» **How to complete this task**
Report every line of the data where the string "Picture" appears.

» **Records supplied**

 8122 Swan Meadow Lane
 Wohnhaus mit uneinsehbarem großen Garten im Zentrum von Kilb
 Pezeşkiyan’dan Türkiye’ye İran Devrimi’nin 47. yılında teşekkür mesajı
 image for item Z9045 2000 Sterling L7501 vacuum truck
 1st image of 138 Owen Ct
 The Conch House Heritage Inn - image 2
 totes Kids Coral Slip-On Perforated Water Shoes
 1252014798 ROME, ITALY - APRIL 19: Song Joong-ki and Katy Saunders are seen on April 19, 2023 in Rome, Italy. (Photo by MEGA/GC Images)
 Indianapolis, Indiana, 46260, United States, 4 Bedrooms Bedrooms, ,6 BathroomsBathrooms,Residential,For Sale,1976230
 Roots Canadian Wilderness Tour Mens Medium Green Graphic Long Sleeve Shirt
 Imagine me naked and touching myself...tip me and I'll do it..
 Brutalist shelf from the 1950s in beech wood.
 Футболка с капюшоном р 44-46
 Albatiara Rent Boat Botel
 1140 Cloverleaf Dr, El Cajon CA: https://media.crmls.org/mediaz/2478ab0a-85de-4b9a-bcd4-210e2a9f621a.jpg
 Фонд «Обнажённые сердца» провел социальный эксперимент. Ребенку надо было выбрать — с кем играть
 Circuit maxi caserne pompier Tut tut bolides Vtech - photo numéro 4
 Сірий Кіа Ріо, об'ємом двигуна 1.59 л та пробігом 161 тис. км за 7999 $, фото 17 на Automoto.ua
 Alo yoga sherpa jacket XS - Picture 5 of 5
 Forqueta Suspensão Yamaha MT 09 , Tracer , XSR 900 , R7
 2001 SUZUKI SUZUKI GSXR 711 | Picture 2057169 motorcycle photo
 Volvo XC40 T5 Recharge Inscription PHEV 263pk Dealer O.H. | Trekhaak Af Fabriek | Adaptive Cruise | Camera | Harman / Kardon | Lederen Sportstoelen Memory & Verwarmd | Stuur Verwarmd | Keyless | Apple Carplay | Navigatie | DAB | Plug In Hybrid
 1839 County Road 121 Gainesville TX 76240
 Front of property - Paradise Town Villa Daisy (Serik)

» **Solution**
 Alo yoga sherpa jacket XS - Picture 5 of 5
 2001 SUZUKI SUZUKI GSXR 711 | Picture 2057169 motorcycle photo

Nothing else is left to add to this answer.